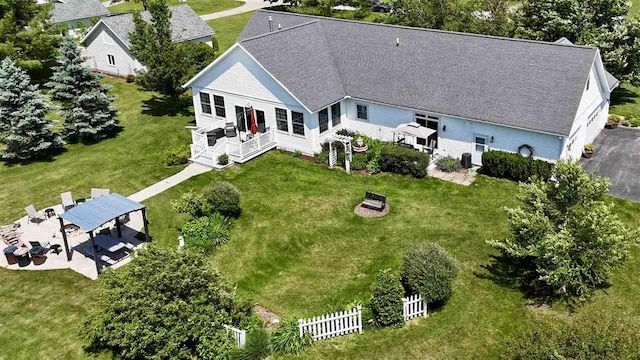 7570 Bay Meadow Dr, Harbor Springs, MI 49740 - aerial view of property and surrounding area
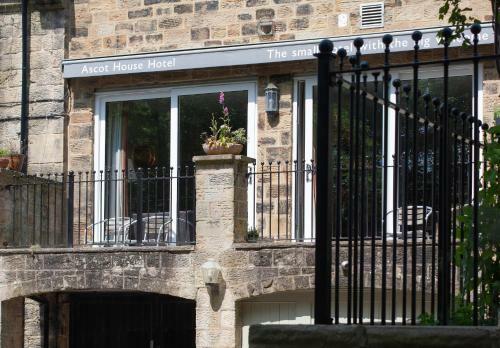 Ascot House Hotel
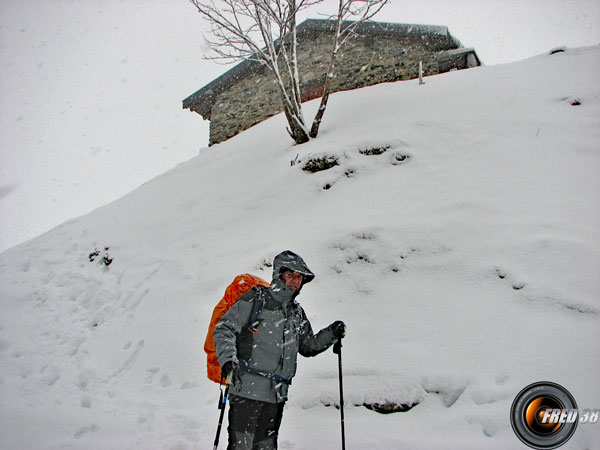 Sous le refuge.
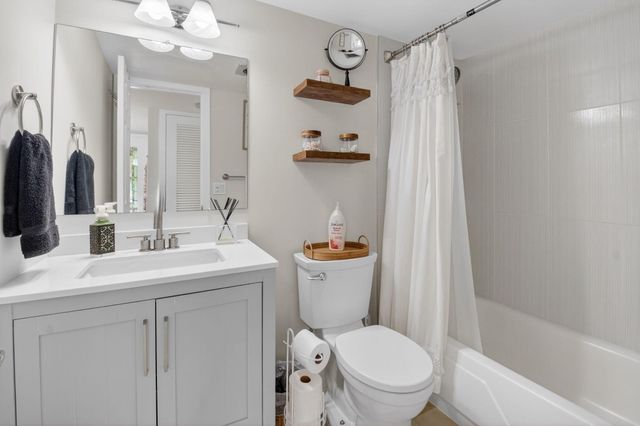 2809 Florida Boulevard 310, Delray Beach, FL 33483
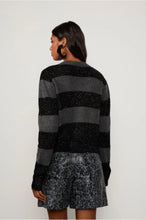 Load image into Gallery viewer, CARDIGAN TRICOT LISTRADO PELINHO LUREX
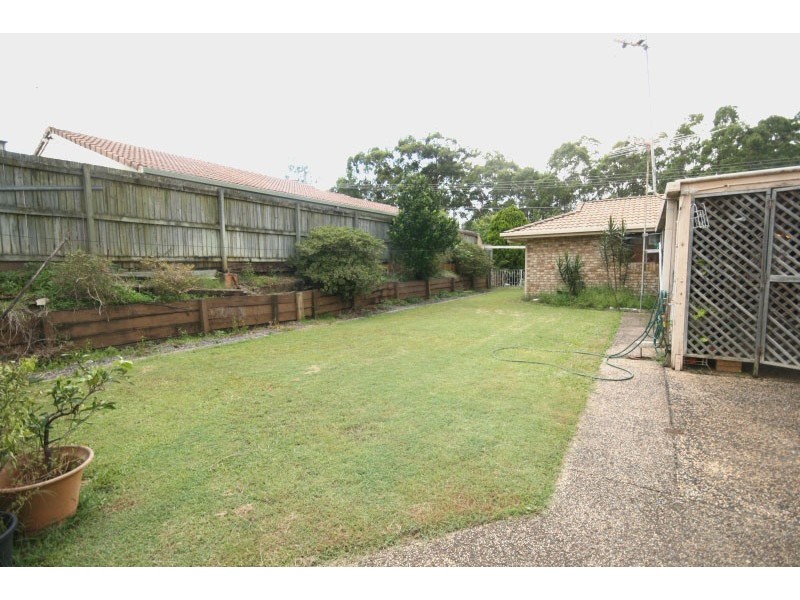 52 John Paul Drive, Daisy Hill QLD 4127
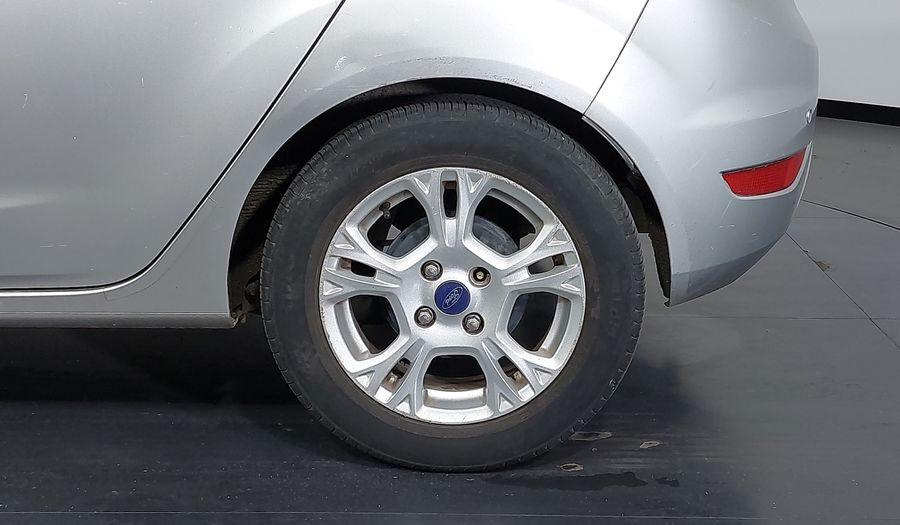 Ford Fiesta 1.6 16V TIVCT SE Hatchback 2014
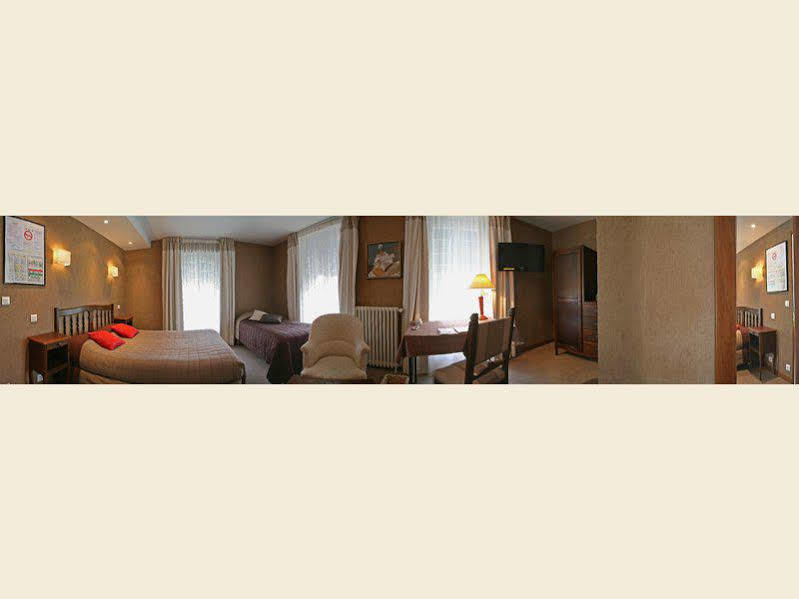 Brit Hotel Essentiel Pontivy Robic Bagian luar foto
==
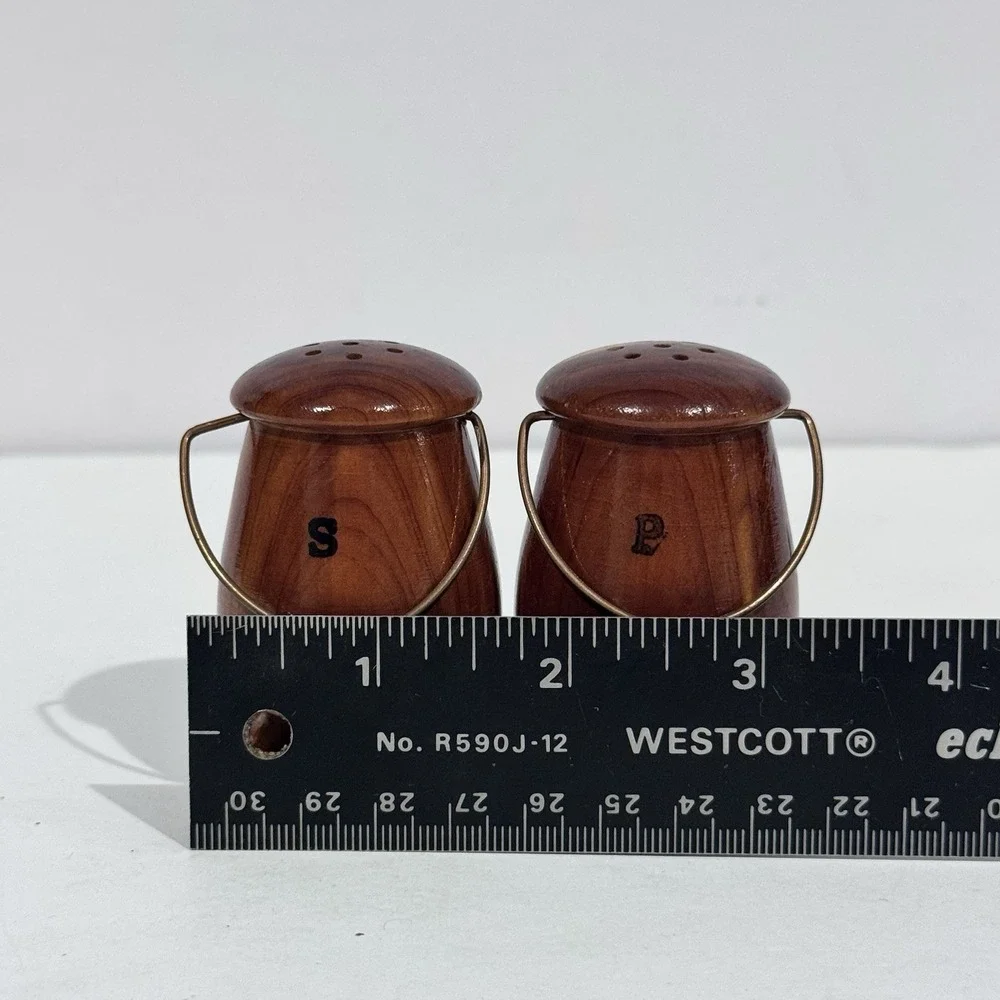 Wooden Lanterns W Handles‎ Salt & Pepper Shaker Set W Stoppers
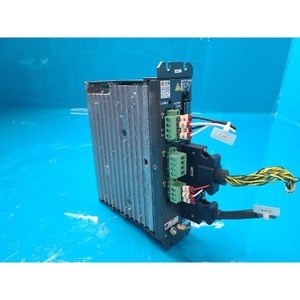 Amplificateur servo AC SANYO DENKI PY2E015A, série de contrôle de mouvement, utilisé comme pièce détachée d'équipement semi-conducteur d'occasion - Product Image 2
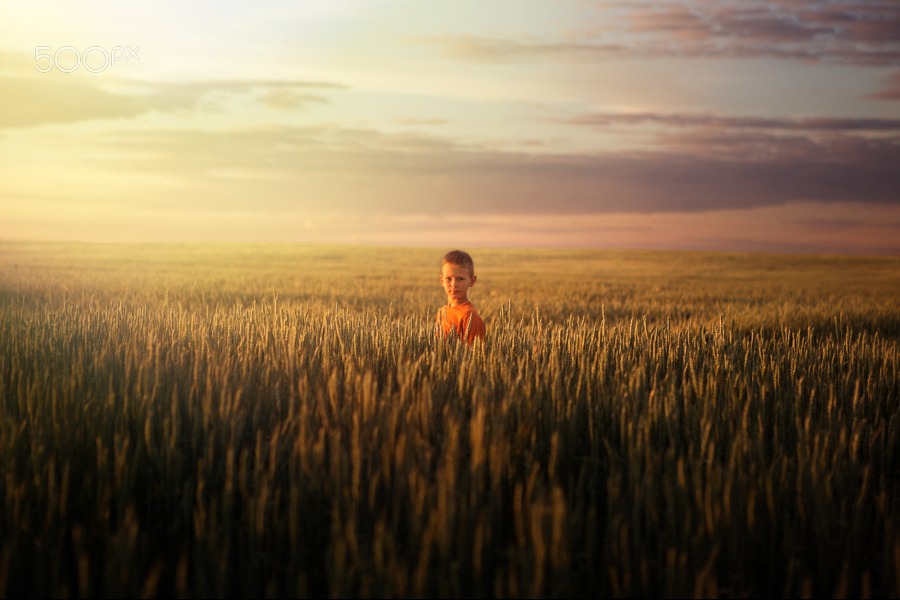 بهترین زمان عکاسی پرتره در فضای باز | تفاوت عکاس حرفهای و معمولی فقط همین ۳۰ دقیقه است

*About this exercise:* Everything above from the line that has "52 John Paul Drive, Daisy Hill QLD 4127" down to the line that has "Brit Hotel Essentiel" should be output exactly, with both of those lines included. Leave the pictures behind.

*Answer space:*
 52 John Paul Drive, Daisy Hill QLD 4127
 Ford Fiesta 1.6 16V TIVCT SE Hatchback 2014
 Brit Hotel Essentiel Pontivy Robic Bagian luar foto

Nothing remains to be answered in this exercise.